- Advertisement -
Le Palais des congrès de Lomé a accueilli ce dimanche une conférence inédite. Prof. Mamadou Babou Niang a d’abord informé et formé le public sur les traitements rapides de certaines maladies dites incurables. Ce Malien qui, depuis 43 ans appelle à un retour à la culture africaine, a ensuite démystifié plusieurs pratiques néfastes de certains détenteurs de secrets magiques. Il a enfin démontré comment la culture africaine peut contribuer à la prévention et au règlement des conflits en Afrique.
Cette première grande conférence internationale de Lomé sur la place des savoirs dits endogènes africains est la 7637è du genre de ce sachant africain qui a fait le tour du monde. Cette conférence de Lomé, organisée par le Réseau panafricain des sciences endogènes et du patrimoine ancestral, a vu la présence de Togbuigan Mawuko Adela Aklassou IV, chef canton de Bè et Sa Majesté Dah Djomanmounso, un haut dignitaire béninois, président du Haut-conseil en charge des valeurs spirituelles au sein du Mouvement international pour la construction des identités collectives des diasporas afro-descendants et des sociétés civiles africaines (MICIC)

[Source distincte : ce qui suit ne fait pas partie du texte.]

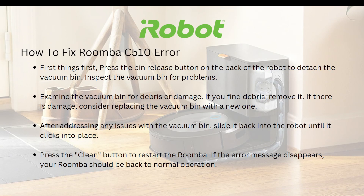Hi everyone, good day. In this video, I'll be teaching you how to fix the Roomba C510 error. First things first, press the bin release button on the back of the robot to detach the vacuum bin.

Le public a eu devant lui un conférencier très convaincant qui, par le biais d’astuces et de démonstrations réelles, s’est attaqué à la magie blanche occidentale qui, selon lui, n’est rien d’autre qu’un jeu de rapidité et de prestidigitation. Il a aussi décrit les arcanes de la magie noire des faux marabouts et de ceux qu’ils qualifient de petits charlatans.

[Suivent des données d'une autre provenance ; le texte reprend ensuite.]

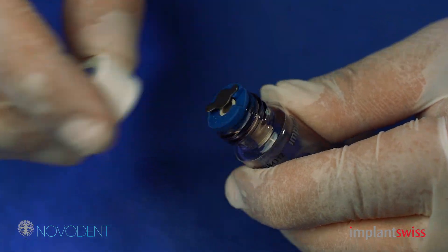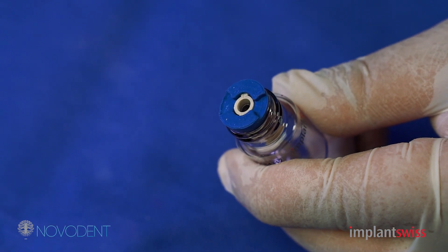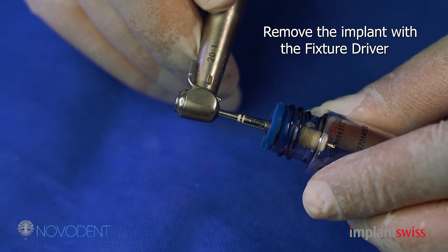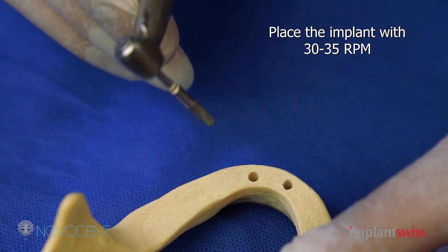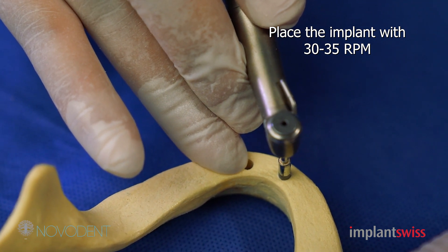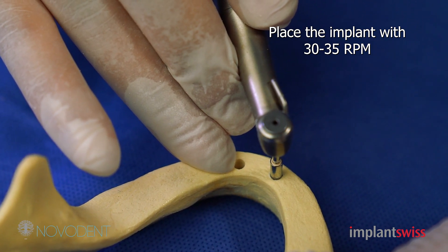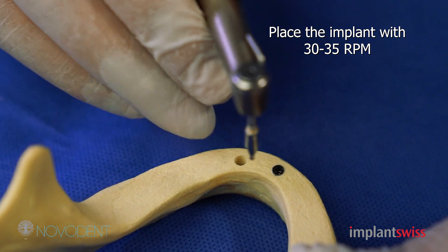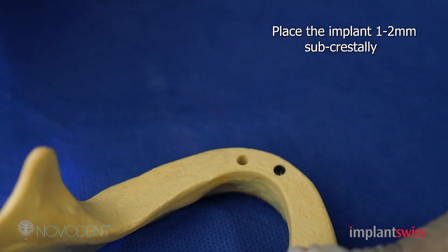You open the implant like this. You will see a metal cover here — you will remove it, and you will hold the fixture driver, as you can see here. And you pick up the implant from the vial. Then you reduce your speed to 30 rounds per minute and you start placing your implant, as you can see here. The implant is slowly going into the osteotomy until you come flush with the crestal bone, and it will stop automatically. If you feel you want to place the implant a little bit more, you can do that, until you are sure that it stopped and everything is alright.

Il n’a pas manqué de parler de la sorcellerie qui, a-t-il lancé, devrait être quelque chose de bénéfique pour les Africains. A son auditoire, il a appris à reconnaître un sorcier, les moyens par lesquels ils s’attaquent aux paisibles personnes et ce qu’il faut faire pour se mettre définitivement à l’abri de leurs faits et gestes. Il a, par son savoir-faire, dénoncé les brebis galeuses qui, a-t-il lancé, n’ont rien à voir avec la culture africaine.
Prof. Babou Niang a déballé sur la magie rouge qui est la connaissance des plantes et des animaux, une magie qu’il promeut. Il a su transmettre à son auditoire que rien ne vaut la culture africaine. Il a exposé des solutions efficaces émanant de cette culture, à travers la connaissance des plantes et des animaux.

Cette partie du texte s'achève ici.